Arthur laughs, quietly, and the touch of his breath against Eames’ lips is real enough.
Eames kisses his cheek. “What do you say we resume this up there, eh?” He whispers into Arthur’s ear.
*****
Arthur opens his eyes at the blinding light of the sun streaming in from the open airplane window. He blinks back the sleep from his eyes. Exhaustion leadens his mind but it doesn’t stop him from shooting upright in his seat.
He’s met first with Fischer’s confused face, then Cobb’s nod of greeting. The PASIV is nowhere to be found.
And Eames-
--Eames is smiling, and Arthur thinks that Eames’ smugness has never been a source of such profound relief.
“Morning, Arthur,” Eames greets from where he sits, his feet crossed at the ankles atop the LCD screen of the in-flight first-class entertainment system. “Slept well, I hope?”

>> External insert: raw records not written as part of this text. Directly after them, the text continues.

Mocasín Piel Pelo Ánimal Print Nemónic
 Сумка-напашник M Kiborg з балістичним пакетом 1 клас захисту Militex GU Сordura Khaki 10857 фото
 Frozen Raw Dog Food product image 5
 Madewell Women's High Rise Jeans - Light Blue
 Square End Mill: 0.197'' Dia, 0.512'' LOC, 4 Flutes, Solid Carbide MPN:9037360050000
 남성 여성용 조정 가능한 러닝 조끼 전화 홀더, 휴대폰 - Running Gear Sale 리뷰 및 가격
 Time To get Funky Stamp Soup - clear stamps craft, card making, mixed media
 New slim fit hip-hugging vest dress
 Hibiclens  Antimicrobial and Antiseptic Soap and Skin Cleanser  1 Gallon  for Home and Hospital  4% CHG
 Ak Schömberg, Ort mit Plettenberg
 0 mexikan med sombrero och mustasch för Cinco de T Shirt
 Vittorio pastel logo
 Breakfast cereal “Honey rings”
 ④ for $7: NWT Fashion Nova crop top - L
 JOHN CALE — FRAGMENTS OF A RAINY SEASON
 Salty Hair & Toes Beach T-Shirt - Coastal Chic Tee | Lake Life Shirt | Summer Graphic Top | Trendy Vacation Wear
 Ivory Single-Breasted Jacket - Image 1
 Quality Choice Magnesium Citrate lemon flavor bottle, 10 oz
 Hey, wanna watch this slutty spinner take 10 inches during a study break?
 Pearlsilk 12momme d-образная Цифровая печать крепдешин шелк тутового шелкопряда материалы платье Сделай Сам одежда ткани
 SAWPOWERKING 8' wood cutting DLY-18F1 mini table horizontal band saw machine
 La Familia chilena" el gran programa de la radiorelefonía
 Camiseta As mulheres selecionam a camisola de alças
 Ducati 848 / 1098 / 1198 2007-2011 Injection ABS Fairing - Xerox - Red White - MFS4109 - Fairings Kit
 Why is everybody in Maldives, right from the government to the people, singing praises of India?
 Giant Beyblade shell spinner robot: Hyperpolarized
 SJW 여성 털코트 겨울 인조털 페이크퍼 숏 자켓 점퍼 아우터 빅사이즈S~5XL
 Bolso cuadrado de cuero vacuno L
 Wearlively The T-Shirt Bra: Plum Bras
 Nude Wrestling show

Arthur rolls his eyes at him and pretends that the grin on his face is not amused, but annoyed. That the deep sigh he expels through his nose is not respite, and not satisfaction, and not a lingering sense of what he had lost there in limbo, but what he had found. Again. After months of forgetting and years of finding.
“That, I believe, is a yes,” Eames whispers into his ear as strong arms-not thin, not old, not aged, not tired-wrapped around his chest from behind. “Now what do you say we go ahead and continue what we started in there?”